In ihrer Antwort auf den SPD-Antrag erklärt die Landesregierung, dass Aufgaben der ausgedünnten Streifendienste inzwischen von Beamten der Bezirks- und Postendienste übernommen werden müssten. Weitere Einschränkungen gebe es bei der Prävention, bei Schwerpunktaktionen (wie Verkehrskontrollen) und bei der Fortbildung der Polizei, wie der Innenminister erklärt. Nach Informationen der SPD gingen diese Einschränkungen aber in Wirklichkeit viel weiter. So müssten bei größeren Einsätzen in gefährlichen Lagen inzwischen überall im Land aus Personalmangel deutliche Abstriche bei der Einsatzkonzeption gemacht werden. Unter Inkaufnahme hoher Sicherheitsrisiken werde zudem die Einschreitschwelle der Polizei bei Versammlungslagen angehoben. In einigen Landespolizeidirektionen wird nach den Informationen des Polizeiexperten Gall bereits die Reduzierung oder sogar Aussetzung von regionalen Großfahndungen ebenso geprüft, wie die Reduzierung der Mindeststärke im Streifendienst.
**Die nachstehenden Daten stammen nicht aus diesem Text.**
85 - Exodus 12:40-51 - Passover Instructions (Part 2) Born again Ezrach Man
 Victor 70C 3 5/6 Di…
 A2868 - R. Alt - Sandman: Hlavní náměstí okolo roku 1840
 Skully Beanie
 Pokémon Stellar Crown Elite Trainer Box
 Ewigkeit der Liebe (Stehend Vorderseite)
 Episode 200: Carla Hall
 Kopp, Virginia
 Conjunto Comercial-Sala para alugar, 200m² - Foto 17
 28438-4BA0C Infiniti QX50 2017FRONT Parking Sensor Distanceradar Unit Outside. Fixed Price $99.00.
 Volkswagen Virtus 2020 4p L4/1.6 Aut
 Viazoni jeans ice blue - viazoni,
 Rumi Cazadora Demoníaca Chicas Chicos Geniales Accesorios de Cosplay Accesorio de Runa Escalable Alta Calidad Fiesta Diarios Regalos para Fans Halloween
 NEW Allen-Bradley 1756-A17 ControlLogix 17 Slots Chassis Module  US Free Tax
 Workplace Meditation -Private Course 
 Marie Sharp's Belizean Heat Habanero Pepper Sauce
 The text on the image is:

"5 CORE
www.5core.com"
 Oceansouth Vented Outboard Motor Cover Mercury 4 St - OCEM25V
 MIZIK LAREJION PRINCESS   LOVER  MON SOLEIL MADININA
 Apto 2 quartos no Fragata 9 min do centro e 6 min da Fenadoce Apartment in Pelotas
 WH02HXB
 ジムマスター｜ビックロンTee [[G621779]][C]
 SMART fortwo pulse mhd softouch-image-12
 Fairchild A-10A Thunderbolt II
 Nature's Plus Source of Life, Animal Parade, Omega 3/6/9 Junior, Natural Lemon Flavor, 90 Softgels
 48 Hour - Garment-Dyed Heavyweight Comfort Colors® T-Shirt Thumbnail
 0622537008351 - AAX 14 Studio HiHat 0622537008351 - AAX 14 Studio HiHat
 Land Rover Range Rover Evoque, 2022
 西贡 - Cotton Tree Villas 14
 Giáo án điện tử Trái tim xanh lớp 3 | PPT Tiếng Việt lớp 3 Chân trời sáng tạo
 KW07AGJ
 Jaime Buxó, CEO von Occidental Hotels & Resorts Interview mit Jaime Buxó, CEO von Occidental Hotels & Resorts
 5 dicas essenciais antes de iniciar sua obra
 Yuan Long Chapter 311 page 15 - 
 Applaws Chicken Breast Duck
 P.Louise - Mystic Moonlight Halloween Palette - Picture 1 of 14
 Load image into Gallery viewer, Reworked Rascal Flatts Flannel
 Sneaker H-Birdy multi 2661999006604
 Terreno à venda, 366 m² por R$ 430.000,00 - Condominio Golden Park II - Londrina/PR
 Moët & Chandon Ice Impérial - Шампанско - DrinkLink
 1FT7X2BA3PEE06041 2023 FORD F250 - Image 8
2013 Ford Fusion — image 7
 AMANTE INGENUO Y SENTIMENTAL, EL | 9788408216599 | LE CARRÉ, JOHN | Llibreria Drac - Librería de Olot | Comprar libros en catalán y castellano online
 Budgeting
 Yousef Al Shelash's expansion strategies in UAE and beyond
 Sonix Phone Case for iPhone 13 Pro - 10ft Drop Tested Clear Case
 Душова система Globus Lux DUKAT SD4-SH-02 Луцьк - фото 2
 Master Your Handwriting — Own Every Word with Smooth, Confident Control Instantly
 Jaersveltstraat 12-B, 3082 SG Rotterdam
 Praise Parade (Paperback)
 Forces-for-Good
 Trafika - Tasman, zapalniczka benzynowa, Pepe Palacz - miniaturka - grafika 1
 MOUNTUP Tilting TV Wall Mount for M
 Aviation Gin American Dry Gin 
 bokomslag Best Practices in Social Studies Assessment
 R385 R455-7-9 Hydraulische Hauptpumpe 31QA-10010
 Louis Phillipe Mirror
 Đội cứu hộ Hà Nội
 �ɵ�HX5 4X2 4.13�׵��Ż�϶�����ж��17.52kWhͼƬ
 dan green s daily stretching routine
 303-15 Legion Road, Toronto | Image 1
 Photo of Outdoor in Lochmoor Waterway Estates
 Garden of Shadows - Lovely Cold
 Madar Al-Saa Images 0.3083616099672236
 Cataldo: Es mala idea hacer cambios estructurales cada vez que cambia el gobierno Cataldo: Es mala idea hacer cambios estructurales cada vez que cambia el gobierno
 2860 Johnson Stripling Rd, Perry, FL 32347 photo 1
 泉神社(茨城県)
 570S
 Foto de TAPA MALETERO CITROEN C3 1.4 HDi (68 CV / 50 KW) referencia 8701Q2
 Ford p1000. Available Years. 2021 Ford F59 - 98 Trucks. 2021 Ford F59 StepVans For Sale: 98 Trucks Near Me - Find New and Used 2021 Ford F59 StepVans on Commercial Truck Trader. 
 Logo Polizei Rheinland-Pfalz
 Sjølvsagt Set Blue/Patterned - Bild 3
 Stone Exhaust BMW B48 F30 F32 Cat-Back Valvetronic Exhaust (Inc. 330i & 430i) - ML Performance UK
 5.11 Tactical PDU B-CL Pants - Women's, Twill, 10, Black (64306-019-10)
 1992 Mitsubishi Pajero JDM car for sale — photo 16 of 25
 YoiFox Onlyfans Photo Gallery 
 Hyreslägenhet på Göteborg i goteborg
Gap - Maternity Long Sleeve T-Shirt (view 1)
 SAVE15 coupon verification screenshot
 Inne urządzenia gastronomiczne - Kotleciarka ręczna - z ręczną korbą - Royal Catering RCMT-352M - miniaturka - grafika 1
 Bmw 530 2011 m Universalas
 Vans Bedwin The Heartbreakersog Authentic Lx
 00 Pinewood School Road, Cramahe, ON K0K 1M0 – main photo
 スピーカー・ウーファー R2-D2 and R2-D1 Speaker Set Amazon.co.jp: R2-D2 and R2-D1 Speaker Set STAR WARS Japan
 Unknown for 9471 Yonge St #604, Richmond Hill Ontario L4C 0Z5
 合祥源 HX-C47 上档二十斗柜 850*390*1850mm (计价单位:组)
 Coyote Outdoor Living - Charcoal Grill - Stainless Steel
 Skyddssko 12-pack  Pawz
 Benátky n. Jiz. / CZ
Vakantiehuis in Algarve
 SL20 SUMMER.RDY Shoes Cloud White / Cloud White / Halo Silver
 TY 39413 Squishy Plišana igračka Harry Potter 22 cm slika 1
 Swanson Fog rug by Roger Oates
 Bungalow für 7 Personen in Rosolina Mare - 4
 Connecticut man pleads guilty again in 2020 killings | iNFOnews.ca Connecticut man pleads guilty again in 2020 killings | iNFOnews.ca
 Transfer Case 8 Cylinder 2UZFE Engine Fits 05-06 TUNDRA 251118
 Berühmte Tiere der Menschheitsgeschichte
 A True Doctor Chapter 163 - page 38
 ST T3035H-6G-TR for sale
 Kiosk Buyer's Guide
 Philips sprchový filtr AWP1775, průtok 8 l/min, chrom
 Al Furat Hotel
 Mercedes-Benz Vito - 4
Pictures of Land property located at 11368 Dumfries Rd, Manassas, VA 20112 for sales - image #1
Ein genereller Stopp von Einsatztraining und Dienstsport werde ebenso ins Auge gefasst wie eine generelle Aussetzung aller landesweit festgelegten Schwerpunktprogramme (Fahndungen und Verkehrsüberwachungen).

Selbst die Reduzierung und Schließung oder Zusammenlegung von Polizeiposten und Kriminalaußenstellen werde nicht mehr ausgeschlossen, falls die Belastungen der Polizei nicht abgebaut würden, sagt Gall.

Die SPD wirft der Landesregierung deshalb vor, dass sie die ungelösten Probleme mit Stuttgart 21, aber auch wegen der verstärkten Überwachung von aus der Sicherungsverwahrung entlassenen Sexual- und Gewaltverbrechern auf dem Rücken der Polizei und zu Lasten der Inneren Sicherheit austrägt.

Die Belastung der Polizei lässt sich jetzt an konkreten Zahlen festmachen: Allein in den sieben Wochen vom 30. Juli 2010, dem Tag der Bauzaunaufstellung am Nordflügel des Stuttgarter Hauptbahnhofs, bis zum 19. September (aktueller Stand der Zählung) musste die Polizei mehr als 20.000 Polizeikräfte in Stuttgart einsetzen. Dabei fielen insgesamt fast 130.000 Einsatzstunden vor Ort an und rund 83.000 Überstunden. Die Kosten für die Einsätze in diesem Zeitraum beziffert die Regierung auf rund 120.000 Euro.

Nach den Angaben der Landesregierung wurden die Bereitschaftspolizei (37 Prozent) und das Polizeipräsidium Stuttgart (28 Prozent) am stärksten mit diesen Einsätzen belastet. Aber auch alle Landespolizeidirektionen mussten Alarmhundertschaften in großem Umfang nach Stuttgart abstellen.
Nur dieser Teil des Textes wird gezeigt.